So. It was Sunday afternoon, but there was no Sunday calm where traffic was concerned. The first thing I noticed was the sheer number of motor scooters tearing through the streets. They’d buzz by you like deranged and maddened insects, dodging around the cars and buses, blowing through stoplights and zebra crossings, honking, revving their little 50cc engines, moving together in twos and sixes and eights, whipping around corners only to be replaced with new hordes coming from different directions in doubly aggressive manifestations.

As for the architecture, many of the buildings on our walk looked more like ruins, ancient, crumbling, unpainted with colorful laundry strung up outside the windows, a wedge of blue sky above, with the occasional old lady perched on some balcony, peeping down at you from eight floors up, her head the size of a raisin.

Erica had a grim first impression of the city which was no doubt exacerbated by the baking sun and the fact that she was hungry and all the restaurants were closed because it was the day of the Lord. Erica was one of those people who needed her three squares at precisely the same time everyday or she’d start getting moody. My moods, on the other hand, weren’t tied to the missing of one meal. I’d missed so many in my life, I welcomed the feeling of an empty belly sometimes. It was like an old friend. It gave fresh perspective. It inspired contemplation and the poetry that arose therefrom. I tried to explain this to Erica but she didn’t want to hear it. She just wanted to be crabby, which made me crabby, and soon I was more than crabby.
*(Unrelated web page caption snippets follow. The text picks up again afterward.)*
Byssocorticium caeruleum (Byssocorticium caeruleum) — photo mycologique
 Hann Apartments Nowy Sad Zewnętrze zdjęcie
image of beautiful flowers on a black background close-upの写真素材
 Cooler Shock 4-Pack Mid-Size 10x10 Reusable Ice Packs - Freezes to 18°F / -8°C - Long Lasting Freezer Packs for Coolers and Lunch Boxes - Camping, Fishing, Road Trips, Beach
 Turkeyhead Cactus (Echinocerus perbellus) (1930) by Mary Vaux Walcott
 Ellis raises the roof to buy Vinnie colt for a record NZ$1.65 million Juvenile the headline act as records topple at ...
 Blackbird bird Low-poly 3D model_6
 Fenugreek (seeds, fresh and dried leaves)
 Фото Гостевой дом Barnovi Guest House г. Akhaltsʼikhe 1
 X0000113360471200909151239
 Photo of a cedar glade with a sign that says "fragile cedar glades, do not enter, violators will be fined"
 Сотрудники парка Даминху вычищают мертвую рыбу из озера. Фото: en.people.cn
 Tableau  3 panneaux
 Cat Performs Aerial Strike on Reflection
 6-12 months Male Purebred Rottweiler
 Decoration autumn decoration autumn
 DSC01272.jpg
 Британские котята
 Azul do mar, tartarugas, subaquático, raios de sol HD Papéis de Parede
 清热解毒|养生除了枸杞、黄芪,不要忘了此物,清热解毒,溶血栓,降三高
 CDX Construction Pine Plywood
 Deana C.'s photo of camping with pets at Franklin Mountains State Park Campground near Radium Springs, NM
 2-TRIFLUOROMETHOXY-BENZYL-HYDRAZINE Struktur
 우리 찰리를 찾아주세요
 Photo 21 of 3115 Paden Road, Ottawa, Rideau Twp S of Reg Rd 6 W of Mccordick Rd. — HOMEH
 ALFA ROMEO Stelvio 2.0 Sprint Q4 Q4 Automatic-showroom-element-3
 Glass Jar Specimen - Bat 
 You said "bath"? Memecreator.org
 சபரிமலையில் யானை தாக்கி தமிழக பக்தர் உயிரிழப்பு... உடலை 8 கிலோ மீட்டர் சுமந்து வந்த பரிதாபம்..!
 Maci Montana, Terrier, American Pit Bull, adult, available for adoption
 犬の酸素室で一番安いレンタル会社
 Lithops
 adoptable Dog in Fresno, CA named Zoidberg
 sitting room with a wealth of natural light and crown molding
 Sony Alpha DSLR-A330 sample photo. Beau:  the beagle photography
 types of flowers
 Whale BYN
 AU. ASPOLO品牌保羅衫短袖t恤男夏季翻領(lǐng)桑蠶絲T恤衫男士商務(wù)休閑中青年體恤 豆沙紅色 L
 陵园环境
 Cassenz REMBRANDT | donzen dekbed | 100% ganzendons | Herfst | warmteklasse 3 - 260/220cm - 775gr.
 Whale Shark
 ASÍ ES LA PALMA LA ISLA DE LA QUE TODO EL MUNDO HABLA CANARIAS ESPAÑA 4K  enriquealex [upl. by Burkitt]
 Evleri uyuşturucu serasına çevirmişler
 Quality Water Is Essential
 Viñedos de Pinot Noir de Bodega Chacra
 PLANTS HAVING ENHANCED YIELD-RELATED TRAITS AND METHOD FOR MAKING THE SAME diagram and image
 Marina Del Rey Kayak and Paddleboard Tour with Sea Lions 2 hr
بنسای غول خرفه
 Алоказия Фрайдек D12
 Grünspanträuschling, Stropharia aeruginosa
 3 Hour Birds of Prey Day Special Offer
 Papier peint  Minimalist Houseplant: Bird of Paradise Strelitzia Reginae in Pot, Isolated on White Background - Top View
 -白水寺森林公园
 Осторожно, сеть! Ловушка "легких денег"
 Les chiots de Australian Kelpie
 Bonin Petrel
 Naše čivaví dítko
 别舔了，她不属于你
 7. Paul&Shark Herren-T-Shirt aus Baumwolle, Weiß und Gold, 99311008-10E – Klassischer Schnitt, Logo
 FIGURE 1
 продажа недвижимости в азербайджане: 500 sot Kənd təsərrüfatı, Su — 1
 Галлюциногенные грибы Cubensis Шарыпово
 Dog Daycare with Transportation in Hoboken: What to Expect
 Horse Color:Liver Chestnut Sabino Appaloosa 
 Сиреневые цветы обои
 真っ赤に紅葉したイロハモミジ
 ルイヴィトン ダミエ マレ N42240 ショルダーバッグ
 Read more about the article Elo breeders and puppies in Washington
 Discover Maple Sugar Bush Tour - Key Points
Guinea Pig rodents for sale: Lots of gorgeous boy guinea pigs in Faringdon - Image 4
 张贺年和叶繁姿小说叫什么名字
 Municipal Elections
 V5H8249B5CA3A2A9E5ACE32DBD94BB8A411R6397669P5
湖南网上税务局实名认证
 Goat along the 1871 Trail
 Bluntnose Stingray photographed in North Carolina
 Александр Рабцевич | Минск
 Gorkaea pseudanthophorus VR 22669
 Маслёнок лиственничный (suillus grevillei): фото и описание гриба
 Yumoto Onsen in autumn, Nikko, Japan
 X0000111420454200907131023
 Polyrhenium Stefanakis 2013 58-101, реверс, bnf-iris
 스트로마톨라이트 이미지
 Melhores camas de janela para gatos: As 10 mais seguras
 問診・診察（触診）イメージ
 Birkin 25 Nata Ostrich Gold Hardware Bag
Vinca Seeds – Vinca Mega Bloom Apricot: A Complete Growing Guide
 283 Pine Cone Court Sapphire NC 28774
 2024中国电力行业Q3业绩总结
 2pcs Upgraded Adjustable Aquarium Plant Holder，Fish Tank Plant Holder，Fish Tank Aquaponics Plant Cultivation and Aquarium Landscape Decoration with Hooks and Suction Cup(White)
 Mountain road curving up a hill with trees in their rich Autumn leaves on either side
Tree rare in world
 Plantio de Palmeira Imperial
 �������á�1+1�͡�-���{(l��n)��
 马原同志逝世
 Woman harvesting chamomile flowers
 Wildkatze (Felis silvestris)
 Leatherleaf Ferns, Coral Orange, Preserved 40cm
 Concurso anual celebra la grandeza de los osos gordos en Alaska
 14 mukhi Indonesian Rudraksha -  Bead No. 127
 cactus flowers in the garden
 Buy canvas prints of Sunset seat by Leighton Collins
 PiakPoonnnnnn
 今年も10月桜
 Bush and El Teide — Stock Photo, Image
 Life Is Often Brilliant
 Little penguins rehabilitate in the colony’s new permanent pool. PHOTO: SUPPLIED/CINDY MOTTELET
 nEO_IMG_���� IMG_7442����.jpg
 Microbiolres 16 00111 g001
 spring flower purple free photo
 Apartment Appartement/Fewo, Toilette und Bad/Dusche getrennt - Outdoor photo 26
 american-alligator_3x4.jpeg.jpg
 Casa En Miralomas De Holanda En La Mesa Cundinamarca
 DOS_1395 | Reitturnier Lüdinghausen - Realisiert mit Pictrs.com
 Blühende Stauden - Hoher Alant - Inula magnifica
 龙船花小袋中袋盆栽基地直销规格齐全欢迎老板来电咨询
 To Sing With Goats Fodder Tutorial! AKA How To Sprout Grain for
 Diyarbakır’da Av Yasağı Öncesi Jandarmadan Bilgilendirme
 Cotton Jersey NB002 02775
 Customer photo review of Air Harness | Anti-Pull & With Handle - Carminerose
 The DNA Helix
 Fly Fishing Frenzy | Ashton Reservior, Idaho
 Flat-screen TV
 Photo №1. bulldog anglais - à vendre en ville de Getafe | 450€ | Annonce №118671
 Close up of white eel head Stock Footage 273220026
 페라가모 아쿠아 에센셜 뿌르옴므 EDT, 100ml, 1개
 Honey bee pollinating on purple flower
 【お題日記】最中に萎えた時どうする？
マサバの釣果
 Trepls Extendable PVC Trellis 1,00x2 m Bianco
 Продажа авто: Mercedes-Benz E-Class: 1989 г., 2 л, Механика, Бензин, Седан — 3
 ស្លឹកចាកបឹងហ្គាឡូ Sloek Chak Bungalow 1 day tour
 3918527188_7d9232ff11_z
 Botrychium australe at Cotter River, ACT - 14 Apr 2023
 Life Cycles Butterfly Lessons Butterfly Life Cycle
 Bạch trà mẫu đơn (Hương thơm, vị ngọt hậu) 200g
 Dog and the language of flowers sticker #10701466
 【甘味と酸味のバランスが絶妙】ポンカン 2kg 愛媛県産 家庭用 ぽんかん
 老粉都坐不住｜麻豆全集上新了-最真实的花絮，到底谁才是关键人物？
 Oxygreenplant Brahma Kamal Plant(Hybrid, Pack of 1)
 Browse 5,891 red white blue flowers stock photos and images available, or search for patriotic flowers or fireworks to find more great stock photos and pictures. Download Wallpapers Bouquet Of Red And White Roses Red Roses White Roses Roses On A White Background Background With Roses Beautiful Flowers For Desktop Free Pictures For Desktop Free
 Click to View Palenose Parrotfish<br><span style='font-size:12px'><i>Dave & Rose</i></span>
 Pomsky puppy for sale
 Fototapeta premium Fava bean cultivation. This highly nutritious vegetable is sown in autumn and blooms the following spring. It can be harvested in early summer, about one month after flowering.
I was livid. I can’t handle crabby people without reacting. I take it personally. But I bit my tongue and stewed and finally we stumbled upon our hotel.

The hotel, or bed and breakfast to be more precise, was on the 5th floor of a high-rise that must have been about 100 years old. It had smooth marble floors, a marble staircase, black, wrought-iron railings and a coffin-sized elevator in a shaft where all the pulleys and chains and wheels were clattering and visible.

We took the stairs up. We rang the bell. A dark-haired woman of about sixty answered with a smile and greeted us in Italian. As it turned out, she didn’t speak a word of English and we didn’t speak Italian. We pantomimed to each other, and were led down the hallway to the Pino Daniele-themed room. Every room in the place had a theme. The one next to us was Sofia Loren. The one down the hall was Pulcinella. Another was Billy Pasta, famous tightrope walker and telemarketer from the 1930s. So they say.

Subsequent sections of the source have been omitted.